4B. Recording Guidelines

Source: Record at 44.1kHz/16-bit WAV, then downsample to 8kHz/4-bit via build tool.
Delivery: Short, barked, declarative. No sibilance (S sounds are mud at 4-bit). Prefer hard consonants: B, D, K, T, CH. Avoid words starting with F, S, TH.
Processing: Heavy compression (limit dynamic range to fit 4-bit), slight distortion/bitcrush before final encode to lean into the lo-fi aesthetic rather than fighting it.
Duration target: 0.3–0.7 seconds per bark. Anything over 0.7 seconds should be cut. The bark should feel like a punch, not a sentence.
Tone: Not robotic. Not text-to-speech. A real human voice, crushed through a 4-bit codec, arriving through a 28mm speaker. The degradation is the aesthetic.

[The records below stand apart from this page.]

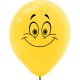 Gülen Yüz Baskılı Sarı Balon 100'lü
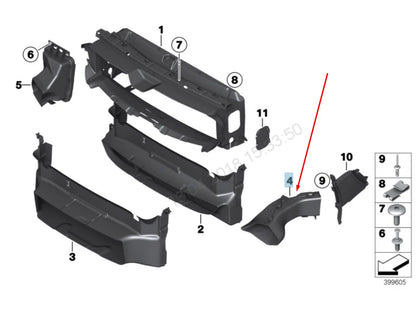 NEW BMW 3 GT F34 RIGHT BRAKE AIR DUCT 51747294908 7294908 2016 ORIGINAL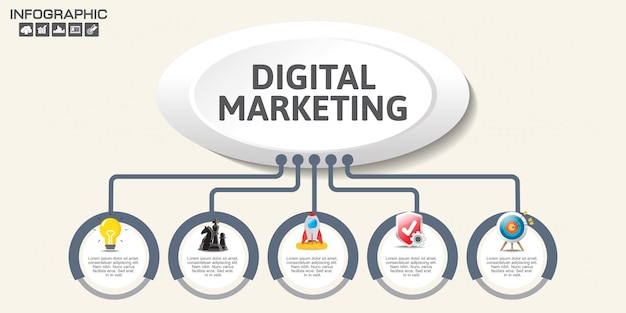 Vector digital marketing infographic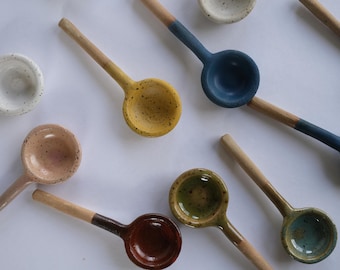 Ceramic spoon, stoneware spoon, sauce, coffee, hand of salt, color, ... handmade
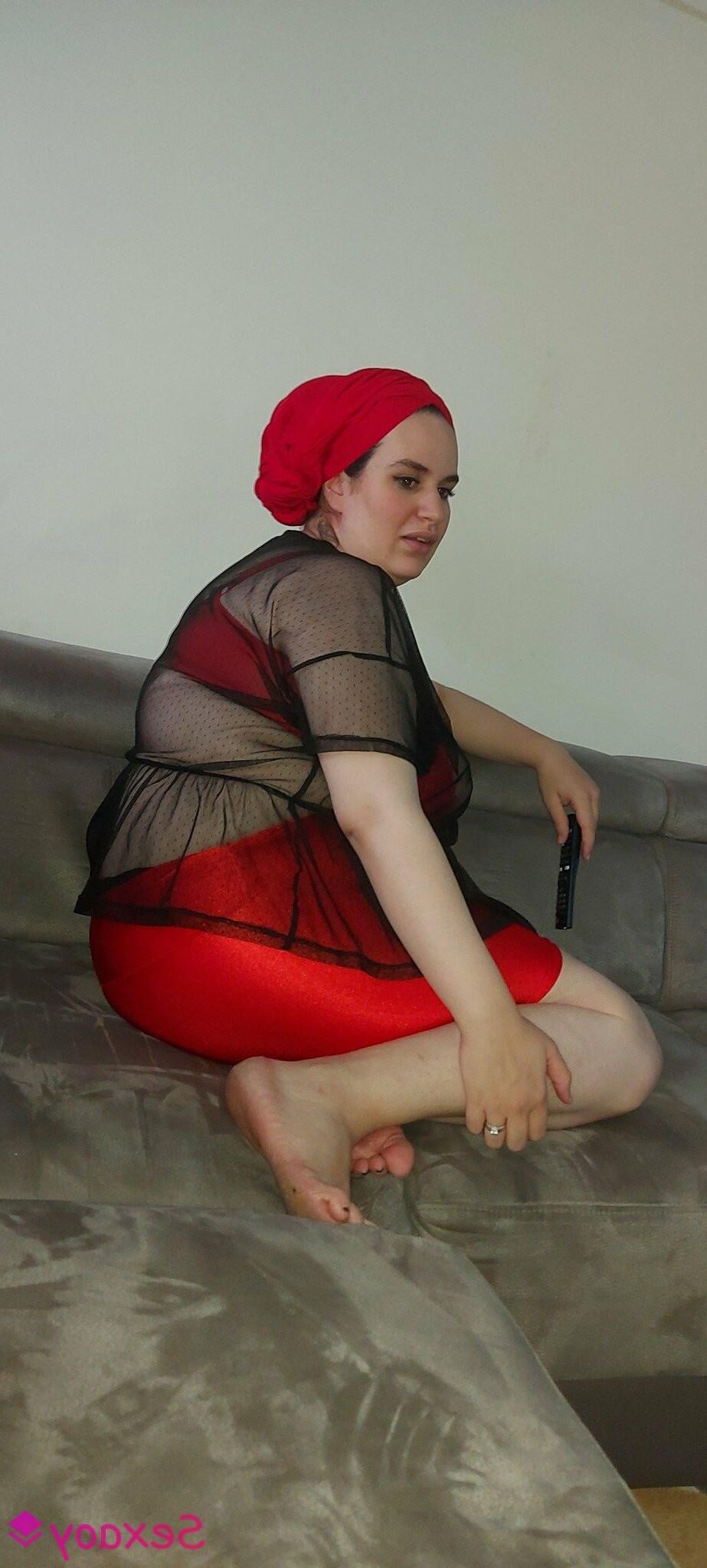 My wife very sexy in shorty red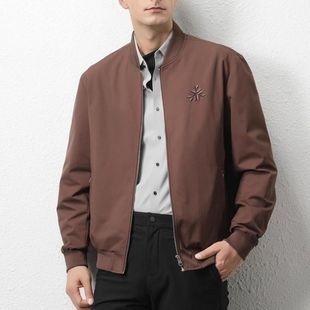 男装新款意式老钱风可商务可休闲户外时尚通勤棒球领秋冬夹克外套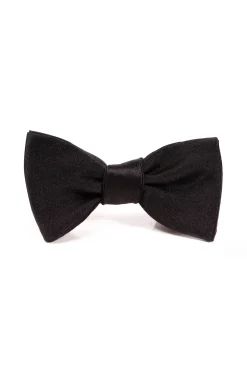 Small Black Single End Silk Satin Bow Tie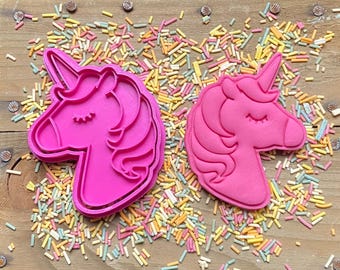 Unicorn stamp and cutter - Birthday biscuits - personalized icing stamp - cupcakes - birthday - cookie cutter - birthday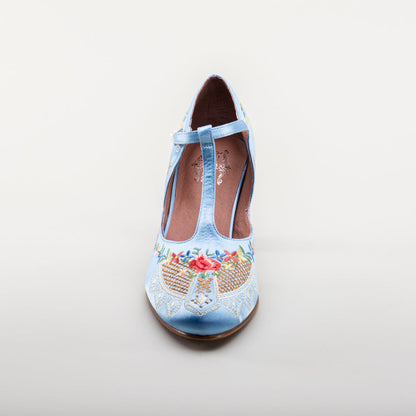 Daisy Embroidered T-Straps (Blue)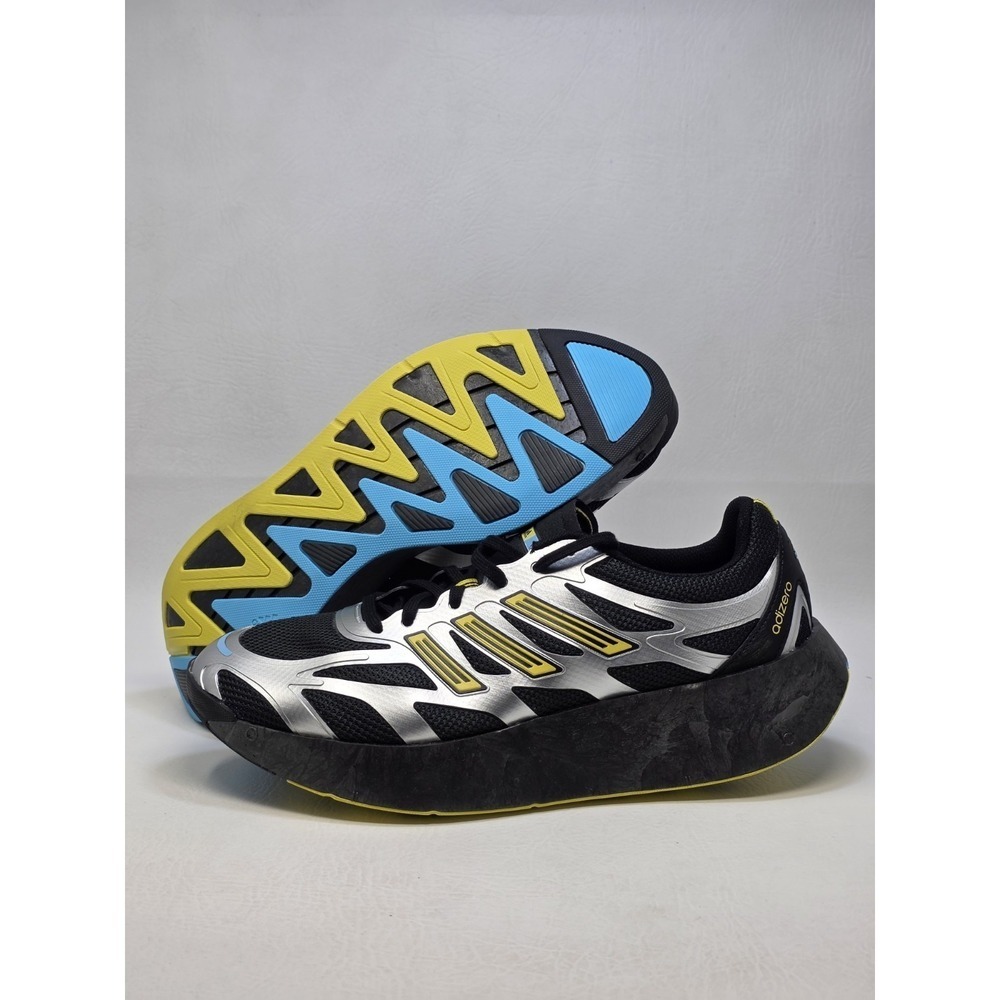 adidas Adizero Aruku JR1476 Black Silver Yellow Running Shoes Mens Size 12 New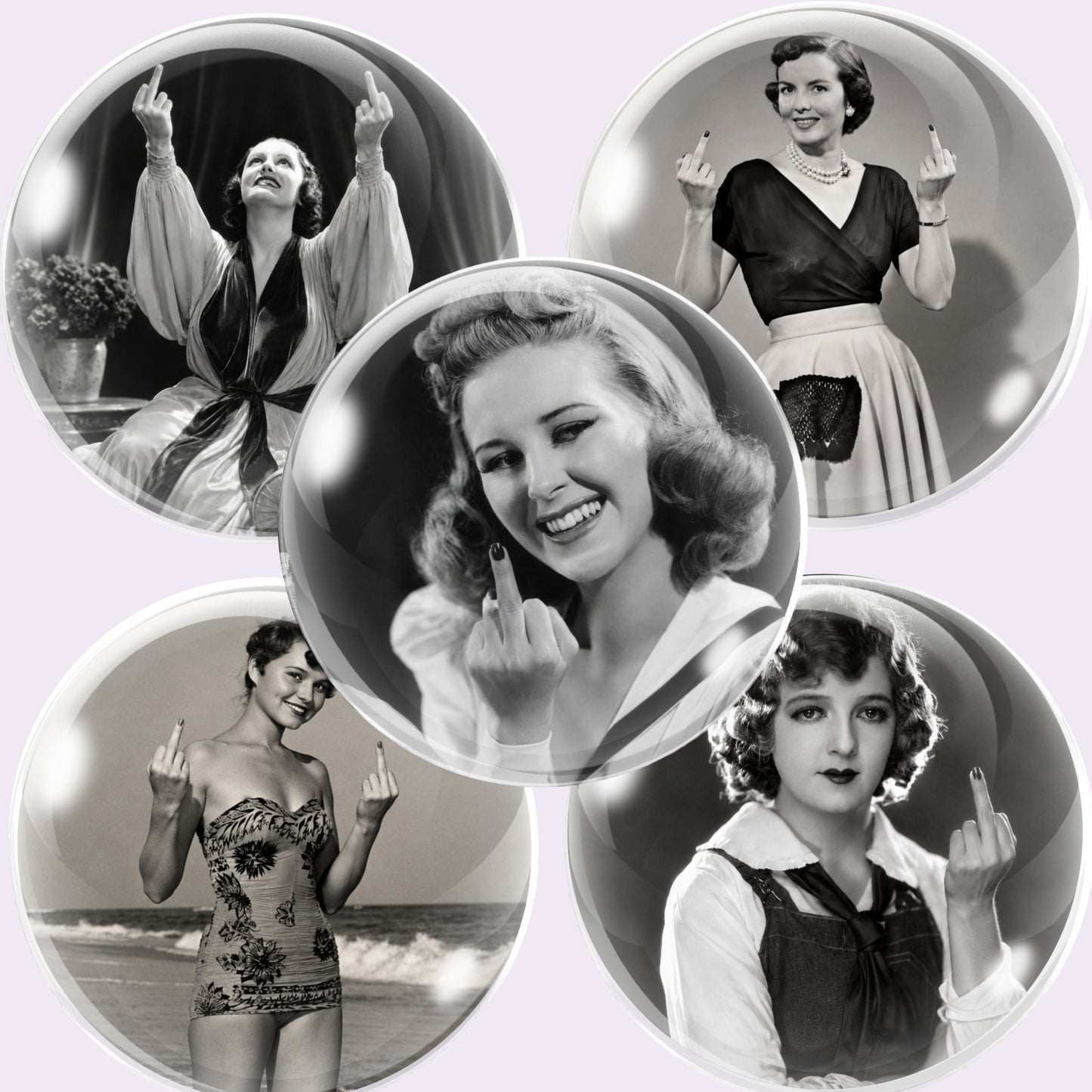 Five circular glossy cabochon images featuring black-and-white vintage images of a woman posing and making the middle finger gesture, arranged on a pale lavender background.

4C. Interaction with Existing Audio

Barks occupy Channel C only. The design rules:

Barks preempt Channel C tones. If Channel C was playing a tone, the bark takes over. Channel C tones resume after bark completes (or the cartridge re-triggers them).
Channels A + B continue normally. A sustained alarm drone, a background rhythm, a keyclick SFX — all uninterrupted.
One bark at a time. Triggering a new bark while one is playing stops the current bark and starts the new one. No queuing, no overlapping.
No barks during LAMBDA playback. Macro replay should be silent — barks during fast replay would be cacophonous.
SYS hold abort stops all barks. The emergency exit silences everything.

5. Build Tooling

5A. `kn86bark` — WAV to Bark Converter

A command-line tool that converts WAV files to packed 4-bit PCM:

kn86bark input.wav output.pcm [--rate 8000] [--normalize] [--preview]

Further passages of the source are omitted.